Introduction

Mechanical ventilation (MV) provides lifesaving support for patients with respiratory failure in the intensive care unit (ICU). In assisted modes of MV, work of breathing is divided between the patient and the ventilator, reducing the patient’s respiratory effort [1]. As both ventilator overassistance and underassistance may induce respiratory muscle dysfunction within hours [2], respiratory effort should be closely monitored, such that ventilatory support can adequately be tailored.

Most mechanical ventilators allow for non-invasive, yet intermittent assessment of respiratory effort based on either plateau pressure [3] or end-expiratory occlusion pressure (Pocc) [4]. The related measure of inspiratory occlusion pressure in the first 100 ms (P0.1) reflects respiratory drive rather than effort, while lacking information on respiratory mechanics and muscle function [4, 5]. Truly continuous measures of respiratory effort require invasive measurements to quantify the respiratory muscle pressure (Pmus), either directly, from oesophageal manometry (Pes), or indirectly, from invasive electromyography of the diaphragm (EAdi). As both Pes and EAdi require dedicated equipment, patient instrumentation and expertise while being highly time consuming, these techniques are not commonly applied in clinical care despite of a widely perceived need for continuous bedside monitoring.

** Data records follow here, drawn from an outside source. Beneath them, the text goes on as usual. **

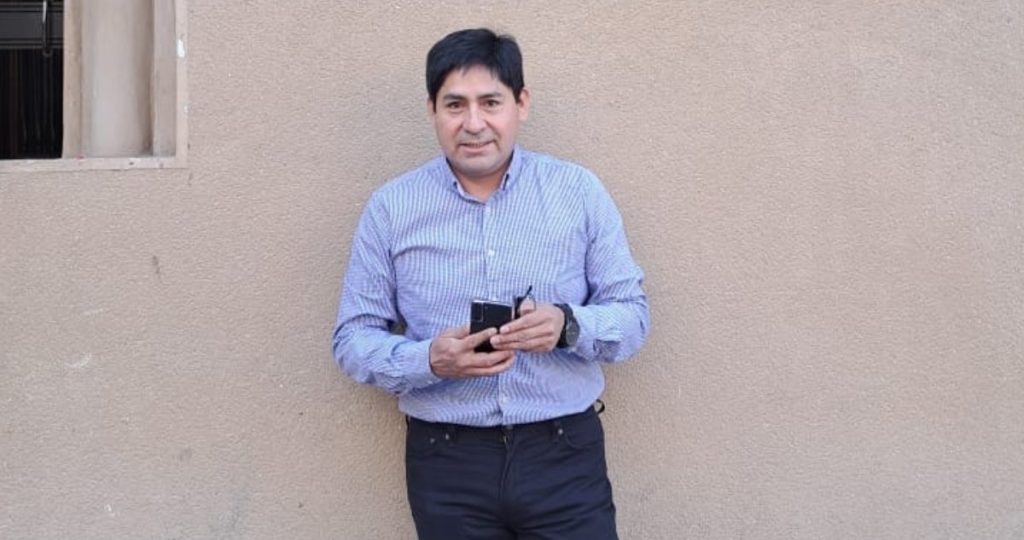 Nuevo juicio para exalcalde de Reinao enfrenta nuevos retrasos.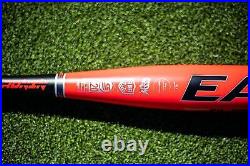Easton Ronin 240 Slowpitch Softball Bat, Balanced, 12 in Barrel, size 34/27oz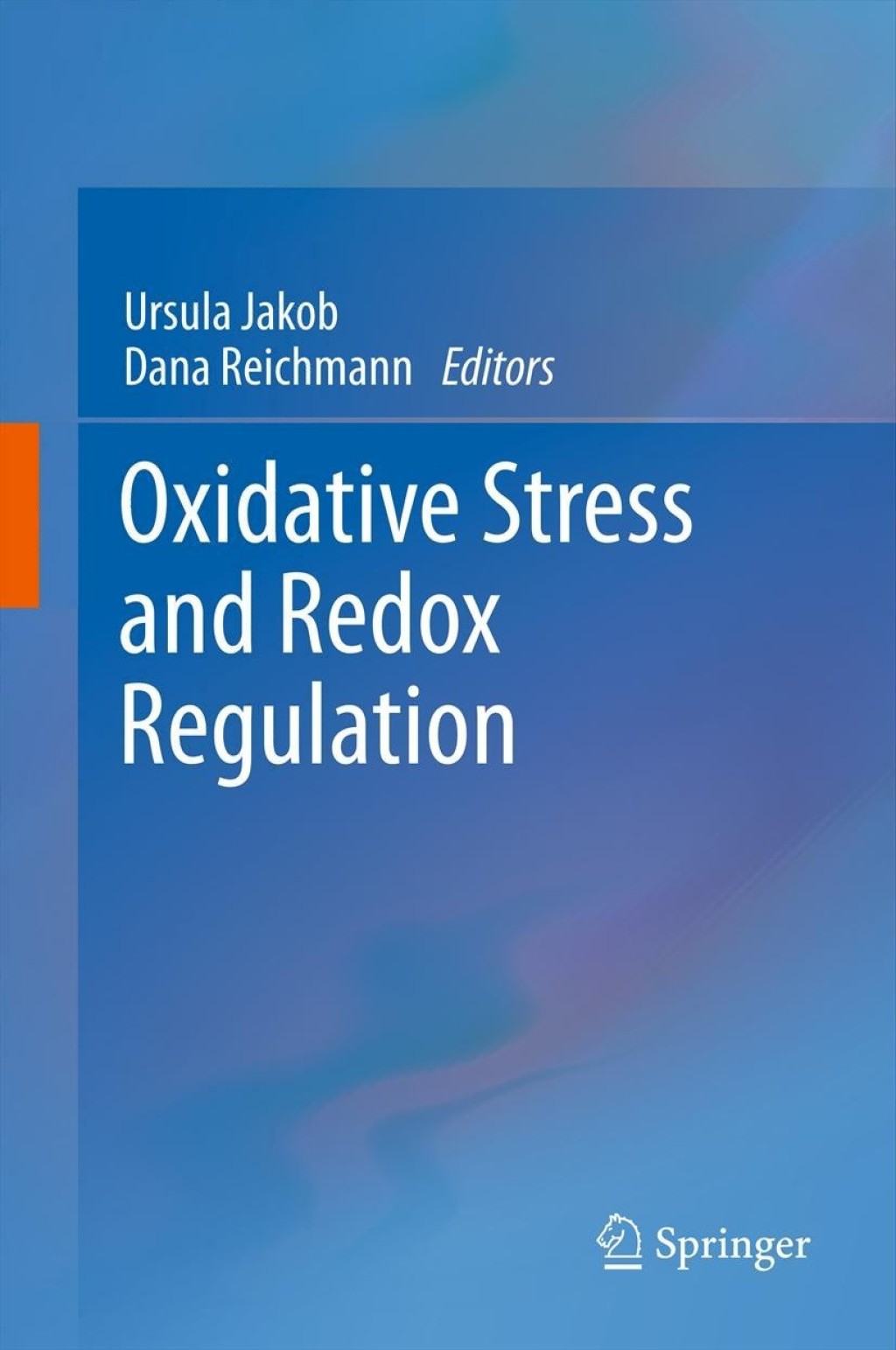 Oxidative Stress and Redox Regulation  â€“ PDF/EPUB Version Downloadable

A non-invasive, continuous, and less laborious measure of respiratory effort can be based on respiratory surface electromyography of the diaphragm (sEMGdi). To this end, Pmus is derived during assisted MV by multiplying sEMGdi activity (sEAdi) with the neuromuscular coupling index of the diaphragm (NMCdi), the latter being defined as airway pressure drop during Pocc divided by its corresponding sEAdi [6, 7]. This method has so far been confined to clinical research, as sEAdi waveforms are prone to distortion by cardiac and adjacent muscle crosstalk, while standardised signal acquisition and processing are pressingly awaited [8]. Therefore, we set out to investigate sEAdi signal quality and the effects of clinically relevant levels of PEEP on non-invasive NMCdi in mechanically ventilated ICU patients.

Methods

Study population

A prospective cohort was included from the mixed ICU of Medisch Spectrum Twente, a tertiary referral hospital in Enschede, the Netherlands. The protocol was approved by the medical ethical committee of Arnhem-Nijmegen, the Netherlands (CCMO-number NL75951.091.21), and registered in the Dutch Trial Register (NL9654). Written informed consent was obtained from the patients’ legal representatives. Patients were eligible if aged ≥ 18 years, invasively ventilated for at least 48 h, and ventilated in pressure support mode (SPN-CPAP/PS, Drägerwerk AG & Co. KGaA, Lübeck, Germany) with a FiO2 ≤ 60%, a SpO2 ≥ 90%, and a Richmond Agitation and Sedation Scale (RASS) score ≤ 0. Exclusion criteria were a BMI > 30 kg/m2 at ICU admission, a persistent pneumothorax, a history of neuromuscular disease, or pregnancy. The BMI criterion was set, as obesity adds to the complexity of acquiring adequate signal-to-noise ratios in diaphragmatic sEMG data [9].

Data acquisition

sEMG was measured with pre-gelled Ag/AgCl electrodes (3M™ Red Dot™ 2560 electrodes, 3M Deutschland GmbH, Neuss, Germany) connected to actively shielded electrode cables (TMSi, Oldenzaal, the Netherlands). Diaphragmatic sEMG (sEMGdi) measured at the eighth intercostal space in the right anterior axillary line. An ECG lead was recorded from the sternal angle to the lower costal margin in the mid-axillary line for QRS complex detection. The skin was cleansed with alcohol before electrode application. EMG and ECG signals were acquired with a Mobi-6 device (TMSi, Oldenzaal, the Netherlands) with bipolar channels (12.2 nV/bit, amplification factor: 19.5) at a sample rate of 2048 Hz using the TMSi MATLAB interface. Airway pressure (Paw), flow (F) and volume (V) tracings from the Dräger Infinity V500 ventilator (Drägerwerk AG & Co. KgaA, Lübeck, Germany) were acquired at 100 Hz through the ventilator’s RS232 interface.

Study protocol

Measurements were performed every other weekday, as long as the patient still met the inclusion criteria. Measurements could be called off for medical reasons at the discretion of the attending physician. An incremental PEEP trial was performed based on the clinically set PEEP, with levels according to the protocol in Table 1. Other ventilator settings were maintained as dictated by routine clinical care.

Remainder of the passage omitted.